Records for processing:
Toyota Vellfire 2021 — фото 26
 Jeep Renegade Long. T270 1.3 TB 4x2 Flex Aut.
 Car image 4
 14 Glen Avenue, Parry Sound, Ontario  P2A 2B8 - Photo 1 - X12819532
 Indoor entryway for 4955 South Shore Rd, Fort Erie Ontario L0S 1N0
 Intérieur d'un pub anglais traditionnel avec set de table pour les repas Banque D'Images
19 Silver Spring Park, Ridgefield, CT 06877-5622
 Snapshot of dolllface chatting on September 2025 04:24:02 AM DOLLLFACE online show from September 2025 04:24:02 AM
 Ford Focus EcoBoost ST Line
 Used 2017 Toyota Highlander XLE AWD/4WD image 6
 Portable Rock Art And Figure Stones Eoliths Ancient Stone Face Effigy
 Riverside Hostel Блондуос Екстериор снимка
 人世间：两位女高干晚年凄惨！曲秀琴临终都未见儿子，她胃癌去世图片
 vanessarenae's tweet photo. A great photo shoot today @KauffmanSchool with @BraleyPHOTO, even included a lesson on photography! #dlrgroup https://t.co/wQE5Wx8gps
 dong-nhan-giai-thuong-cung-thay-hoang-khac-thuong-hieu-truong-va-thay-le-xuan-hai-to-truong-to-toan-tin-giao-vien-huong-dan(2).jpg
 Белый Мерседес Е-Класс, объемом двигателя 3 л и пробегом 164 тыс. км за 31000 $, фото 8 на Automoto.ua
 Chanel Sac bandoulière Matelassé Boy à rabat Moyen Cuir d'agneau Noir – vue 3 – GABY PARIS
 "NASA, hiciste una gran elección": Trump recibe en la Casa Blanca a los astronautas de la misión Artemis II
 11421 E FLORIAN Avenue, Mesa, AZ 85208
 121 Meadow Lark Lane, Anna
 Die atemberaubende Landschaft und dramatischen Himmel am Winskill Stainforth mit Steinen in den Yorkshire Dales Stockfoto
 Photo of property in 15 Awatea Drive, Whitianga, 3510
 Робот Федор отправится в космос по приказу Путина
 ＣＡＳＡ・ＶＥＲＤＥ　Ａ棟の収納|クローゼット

Work instruction: Repeat the material above in full. Change no word.

Task response:
Toyota Vellfire 2021 — фото 26
 Jeep Renegade Long. T270 1.3 TB 4x2 Flex Aut.
 Car image 4
 14 Glen Avenue, Parry Sound, Ontario  P2A 2B8 - Photo 1 - X12819532
 Indoor entryway for 4955 South Shore Rd, Fort Erie Ontario L0S 1N0
 Intérieur d'un pub anglais traditionnel avec set de table pour les repas Banque D'Images
19 Silver Spring Park, Ridgefield, CT 06877-5622
 Snapshot of dolllface chatting on September 2025 04:24:02 AM DOLLLFACE online show from September 2025 04:24:02 AM
 Ford Focus EcoBoost ST Line
 Used 2017 Toyota Highlander XLE AWD/4WD image 6
 Portable Rock Art And Figure Stones Eoliths Ancient Stone Face Effigy
 Riverside Hostel Блондуос Екстериор снимка
 人世间：两位女高干晚年凄惨！曲秀琴临终都未见儿子，她胃癌去世图片
 vanessarenae's tweet photo. A great photo shoot today @KauffmanSchool with @BraleyPHOTO, even included a lesson on photography! #dlrgroup https://t.co/wQE5Wx8gps
 dong-nhan-giai-thuong-cung-thay-hoang-khac-thuong-hieu-truong-va-thay-le-xuan-hai-to-truong-to-toan-tin-giao-vien-huong-dan(2).jpg
 Белый Мерседес Е-Класс, объемом двигателя 3 л и пробегом 164 тыс. км за 31000 $, фото 8 на Automoto.ua
 Chanel Sac bandoulière Matelassé Boy à rabat Moyen Cuir d'agneau Noir – vue 3 – GABY PARIS
 "NASA, hiciste una gran elección": Trump recibe en la Casa Blanca a los astronautas de la misión Artemis II
 11421 E FLORIAN Avenue, Mesa, AZ 85208
 121 Meadow Lark Lane, Anna
 Die atemberaubende Landschaft und dramatischen Himmel am Winskill Stainforth mit Steinen in den Yorkshire Dales Stockfoto
 Photo of property in 15 Awatea Drive, Whitianga, 3510
 Робот Федор отправится в космос по приказу Путина
 ＣＡＳＡ・ＶＥＲＤＥ　Ａ棟の収納|クローゼット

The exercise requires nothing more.